In the homily delivered during the pontifical Mass at which St. Thérèse of Lisieux was canonized on May 17, 1925, Pope Pius XI, referring to the union of the saint's heart with the Sacred Heart of Jesus, quoting St. Thérèse, declared:
It equally appears that because of this force of ardent charity, there existed in the young girl of Lisieux the purpose and commitment “to work for love of Jesus, solely to please Him, to console His Most Sacred Heart and to promote the eternal salvation of souls, who would then love Christ forever.” that this she began to do and achieve as soon as she arrived in the heavenly homeland is easily understood from that mystical shower of roses, which by divine concession, as she had naively promised when she was alive, she has already scattered on earth and continues to scatter.[14]
The heroic holiness of St. Thérèse of Lisieux is the most striking manifestation of the transformation of hearts and, therefore, of the family and society at large, which inevitably flows from the recognition and embrace of Christ's Kingship. We cannot help but observe that the situation of rebellion against Christ and His Law, described by Pope Pius XI in 1925, has only worsened in our time and is increasingly attempting to infiltrate the life of the Church itself and to corrupt the Bride of Christ, to lead her into grave infidelity, with an apostasy from the Apostolic Faith.
Pope Pius XI then expressed the great reality of the Kingship of Christ as it has always been understood in the Church. He declared:
For a long time it has been commonly used to call Christ by the appellation of king because of the supreme degree of excellence that he has supereminently among all created things. For in this way it is said that he reigns "in the minds of men" not only because of the height of his thought and the vastness of his science, but also because he is Truth, and it is necessary for men to draw upon and receive with obedience from him the truth; similarly “in the wills of men,” both because in him the holiness of the divine will is answered by the perfect integrity and submission of the human will, and because by his inspirations he influences our free will in such a way as to inflame us toward the noblest things.
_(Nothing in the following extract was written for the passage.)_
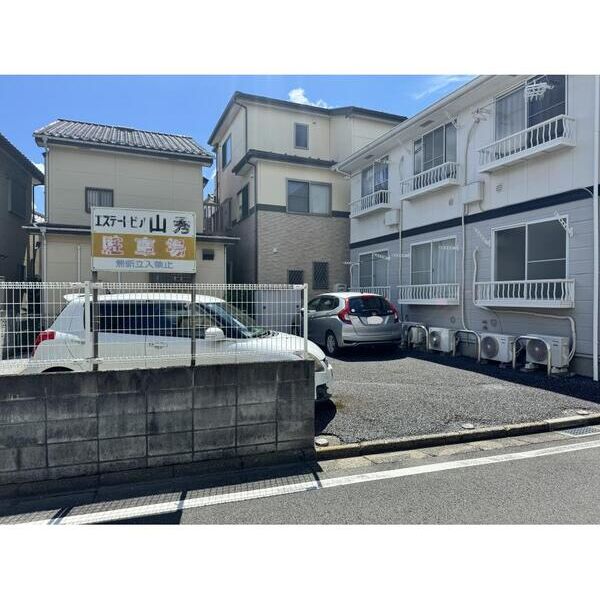 エステートピア山秀 駐車場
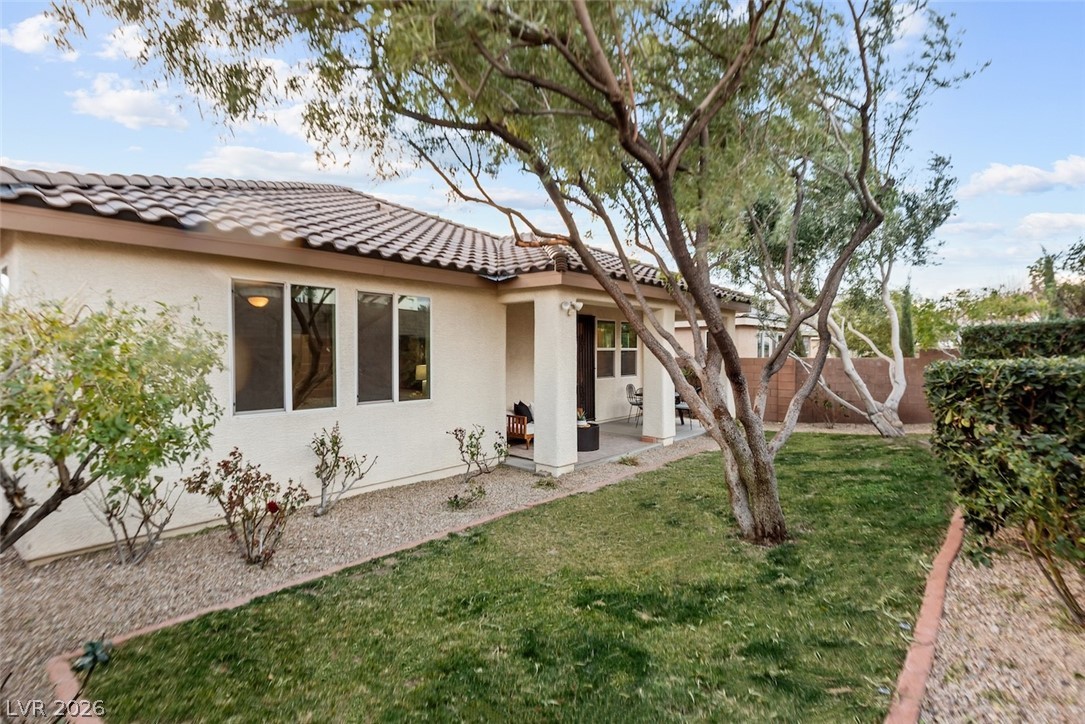 7735 Sugarloaf Peak Street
Finally, Christ is recognized as “king of hearts” because of that “charity of his which surpasses all human understanding” (Eph. 3:19) and because of the attractions of his meekness and benignity: for none of men was ever so loved and never will be so loved in the future as Jesus Christ. But to enter into the matter, all must recognize that it is necessary to claim to Christ-man in the true sense of the word the name and powers of king; for only inasmuch as he is man can he be said to have received from the Father “power and honor and kingdom” (Dan 7:13-14), for as the Word of God, being of the same substance as the Father, he cannot but have in common with the Father what is proper to divinity, and consequently he over all created things has the supreme and most absolute empire. [15]
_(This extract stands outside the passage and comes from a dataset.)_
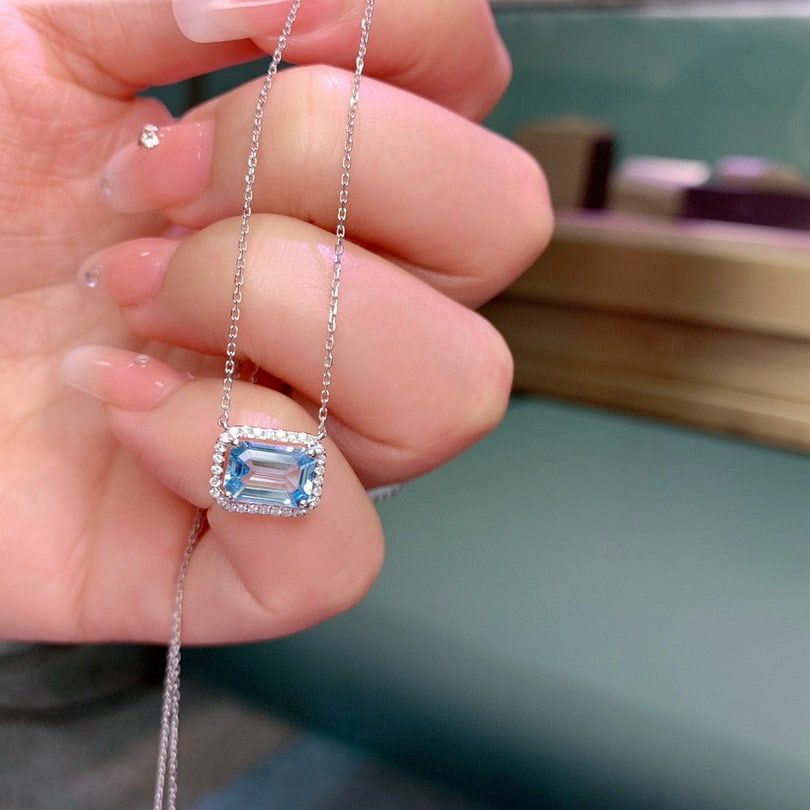 14k Gold 1.18 Ctw Natural Aquamarine & Diamond Necklace - 3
The understanding of Christ's Kingship is intimately linked to the understanding of His Most Sacred Heart. Time does not permit a longer treatment of the relationship between Christ's Kingship and His Sacred Heart. Suffice it to say that by virtue of the consubstantial union of the Heart of Jesus-human and divine-with the divine Heart of the Father, He reigns over all hearts. He purifies and sanctifies all hearts by the outpouring of the Holy Spirit from His glorious pierced Heart.
Christ's Kingship clearly extends to the individual human heart. His Kingship requires obedience that frees the individual to become all that God created him to be. In his first Encyclical, Redemptor Hominis, Pope St. John Paul II refers to the reality of Christ's Kingship in the human heart.[16] Christ's Kingship over human hearts is not an ideal to which all are called but which only a few can attain. Rather, it is a reality of divine grace that helps even the weakest and most tried human subject to reach a heroic degree of virtue, if only he cooperates with divine grace.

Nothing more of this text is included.